Simón Bolívar nasceu em 24 de julho de 1783, no então vice-reino de Nova Granada, em uma família nobre de origem espanhola. Após estudar na Europa e ser influenciado pelos pensamentos revolucionários de origem iluminista, retornou ao país natal e juntou-se à luta contra a dominação colonial da Espanha, onde rapidamente assumiria um papel de liderança. Em 1811, um movimento de mestiços e escravos libertos com o apoio essencial da Inglaterra conseguiria a independência da Venezuela. Nos anos seguintes, também seriam libertados os territórios equivalentes aos atuais países de Bolívia, Colômbia, Equador e Panamá, que criaram uma união política nomeada de Grã-Colômbia. Ela duraria até 1829.
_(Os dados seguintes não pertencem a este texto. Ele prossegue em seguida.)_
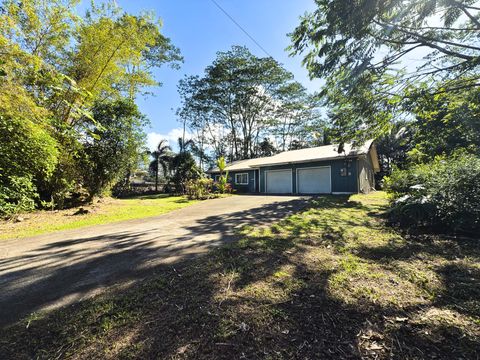 Photo of 15-1244 Railroad Ave, Keaau, HI 96749 (MLS # 724532)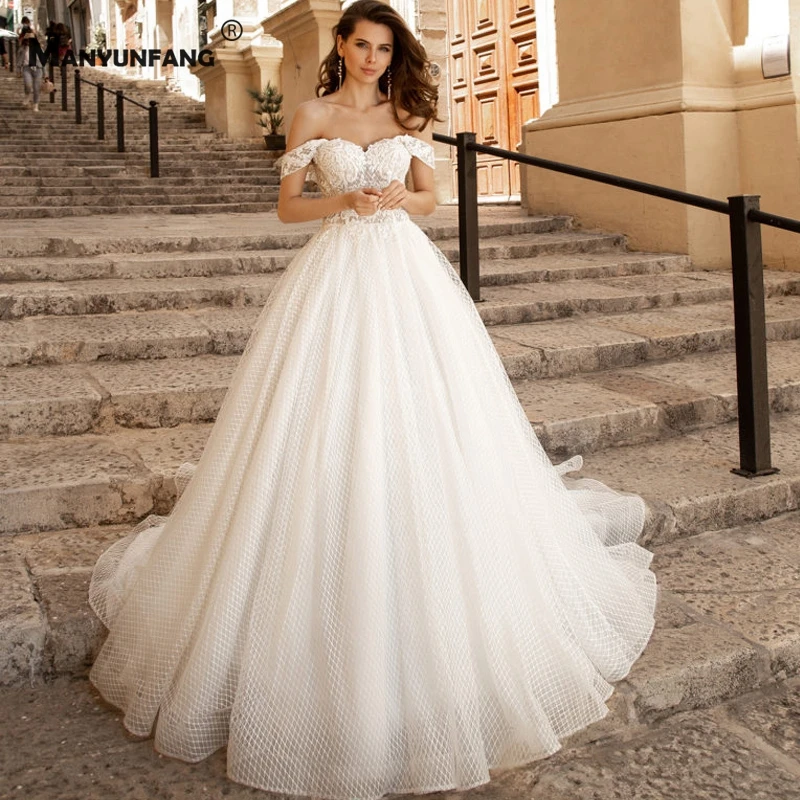 

2021 Hot Sale Off the Shoulder Chapel Train Bridal Ball Gown Elegant Boat Neck Embroidery Appliques Tulle Zipper Wedding Dress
Já José de San Martin nasceu em 25 de fevereiro de 1778, no então vice-reino da Prata, também em uma família de origem espanhola. Quando ele ainda era uma criança, sua família retornou à Espanha, onde José iniciou sua educação militar. Poucos anos depois da deposição de Fernando VII, ele retornou às Américas, onde se uniu à resistência do vice-reino do Peru contra os franceses. Ali, ele se distinguiu como líder militar, estando depois à frente de uma campanha nos Andes que levaria à libertação do Chile em 1817, seguido em pouco tempo pelo Peru.
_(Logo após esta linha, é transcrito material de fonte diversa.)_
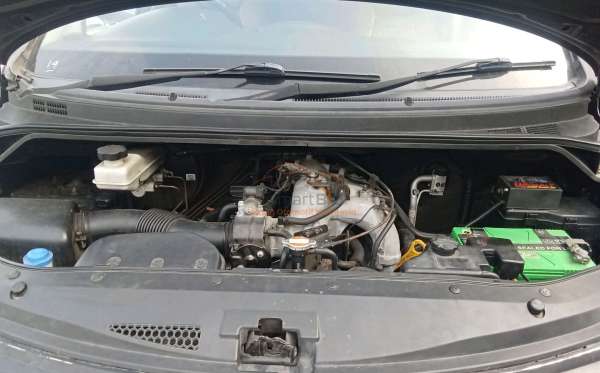 HYUNDAI H-1 2.4 AT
O México, especificamente, não dependeu de nenhum destes dois homens para alcançar a sua independência, que foi feita pelo próprio exército no início da década de 1820.
De qualquer forma, as ambições de uma América unida não foram realizadas; logo nos anos seguintes, conflitos entre oligarquias locais fragmentaram toda a Grã-Colômbia. Além disso, o apoio da Inglaterra à independência da América espanhola local não fora desinteressado, uma vez que esse país já via o potencial do grande mercado consumidor que o fim do pacto colonial poderia trazer. Por consequência, mesmo composta agora de países independentes, a América espanhola ainda estaria unida economicamente à Europa pelas décadas que se seguiriam, continuando a ser importadora de industrializados e exportadora de matérias-primas. Politicamente, os governos dos países independentes se apressaram a excluir qualquer participação popular maior, ficando retido às elites sociais. Esse processo abriria caminho para o surgimento, mais tarde, das ditaduras latino-americanas.